I would like some help with setting up a linear mixed model with paired data.
I have a dataset where each participant is tested twice: either with a manipulation or without a manipulation. There are two types of manipulations (either 1 or 2 or no manipulation, 0) and we know in which order the manipulation was presented for each subject.
Here's example data:
data_ex <- data.frame( pnum = rep(1:10, each=2), manipulation = c(0,1,0,2,0,1,0,2,0,1,0,2,0,1,0,2,0,1,0,2), order_manipulation = c(0,0,1,1,0,0,1,1,0,0,1,1,0,0,1,1,0,0,1,1), man_onoff = c(0,1,0,1,0,1,0,1,0,1,0,1,0,1,0,1,0,1,0,1), score = floor(runif(20, min=0, max=101)))
I would like to find out what the influence of each type of manipulation is on a particular outcome measurement("score"), while controlling for the fact that each participant is tested twice (by adding + (1|pnum)). So basically, is there a significant difference between manipulation 1 and baseline on performance? As well as, is there a significant difference between manipulation 2 and baseline on performance?
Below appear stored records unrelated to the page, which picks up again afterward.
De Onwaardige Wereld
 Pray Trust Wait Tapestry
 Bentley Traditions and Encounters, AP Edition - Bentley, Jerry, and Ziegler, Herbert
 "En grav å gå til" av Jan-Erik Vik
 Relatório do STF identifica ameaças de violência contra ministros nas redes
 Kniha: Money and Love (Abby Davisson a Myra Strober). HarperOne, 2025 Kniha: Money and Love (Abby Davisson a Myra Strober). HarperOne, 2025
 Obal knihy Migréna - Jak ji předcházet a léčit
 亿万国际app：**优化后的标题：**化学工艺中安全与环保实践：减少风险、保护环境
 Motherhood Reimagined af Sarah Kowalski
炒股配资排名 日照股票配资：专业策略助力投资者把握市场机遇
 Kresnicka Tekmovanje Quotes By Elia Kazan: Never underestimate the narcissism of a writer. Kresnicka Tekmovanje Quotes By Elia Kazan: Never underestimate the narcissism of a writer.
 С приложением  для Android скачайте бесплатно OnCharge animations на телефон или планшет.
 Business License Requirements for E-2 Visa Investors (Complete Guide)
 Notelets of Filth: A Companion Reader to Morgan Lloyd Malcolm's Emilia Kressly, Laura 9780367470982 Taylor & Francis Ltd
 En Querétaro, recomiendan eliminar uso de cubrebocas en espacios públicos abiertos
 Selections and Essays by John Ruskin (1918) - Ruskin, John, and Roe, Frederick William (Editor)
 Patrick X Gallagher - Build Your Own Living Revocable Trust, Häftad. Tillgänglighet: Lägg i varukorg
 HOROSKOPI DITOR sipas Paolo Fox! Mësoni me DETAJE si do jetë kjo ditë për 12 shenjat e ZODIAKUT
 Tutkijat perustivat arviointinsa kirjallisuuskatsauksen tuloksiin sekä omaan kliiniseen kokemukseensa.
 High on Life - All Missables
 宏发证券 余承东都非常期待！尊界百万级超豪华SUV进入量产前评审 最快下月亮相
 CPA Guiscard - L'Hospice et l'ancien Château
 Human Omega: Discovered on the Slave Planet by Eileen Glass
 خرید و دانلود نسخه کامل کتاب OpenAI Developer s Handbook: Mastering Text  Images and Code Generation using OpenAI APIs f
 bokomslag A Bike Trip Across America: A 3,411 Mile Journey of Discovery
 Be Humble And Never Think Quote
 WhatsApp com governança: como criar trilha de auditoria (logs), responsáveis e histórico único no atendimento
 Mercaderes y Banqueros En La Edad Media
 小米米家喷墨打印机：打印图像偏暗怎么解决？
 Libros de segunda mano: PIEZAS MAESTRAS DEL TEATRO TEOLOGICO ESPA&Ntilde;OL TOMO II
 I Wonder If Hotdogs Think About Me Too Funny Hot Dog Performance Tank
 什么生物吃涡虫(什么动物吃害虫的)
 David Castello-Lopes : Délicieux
mod <- lmer(score ~ as.factor(manipulation) + (1|pnum), data = data_ex) >summary(mod) Linear mixed model fit by REML. t-tests use Satterthwaite's method ['lmerModLmerTest'] Formula: score ~ as.factor(manipulation) + (1 | pnum) Data: data_ex REML criterion at convergence: 165.3 Scaled residuals: Min 1Q Median 3Q Max -1.78197 -0.43635 -0.06185 0.61631 1.26529 Random effects: Groups Name Variance Std.Dev. pnum (Intercept) 359.7 18.97 Residual 430.5 20.75 Number of obs: 20, groups: pnum, 10 Fixed effects: Estimate Std. Error df t value Pr(>|t|) (Intercept) 50.200 8.889 14.344 5.647 5.49e-05 *** as.factor(manipulation)1 -21.495 12.196 10.358 -1.762 0.107 as.factor(manipulation)2 -10.905 12.196 10.358 -0.894 0.392 --- Signif. codes: 0 ‘***’ 0.001 ‘**’ 0.01 ‘*’ 0.05 ‘.’ 0.1 ‘ ’ 1 Correlation of Fixed Effects: (Intr) as.()1 as.fctr(m)1 -0.397 as.fctr(m)2 -0.397 0.158
With this model, I get p-values for the contrast between manipulation type 1 and baseline (0) as well as contrast between manipulation type 2 and baseline (0). However, the model takes all the zeroes of baseline to contrast the manipulation type with. But since I'm working with paired data, I would like the model to only contrast the manipulation data with the baseline of the participants that actually had those manipulations. Concrete this would mean that the model should only contrast manipulation vs baseline for type 1 in subjects 1,3,5,7 and 9. And only contrast manipulation vs baseline for type 2 in subjects 2,4,6,8 and 10.
How could I best re-write my model to take this paired data into account? Could I add some of my order information variables into the model and if so, as fixed and/or random effects or do I need to reshape my data?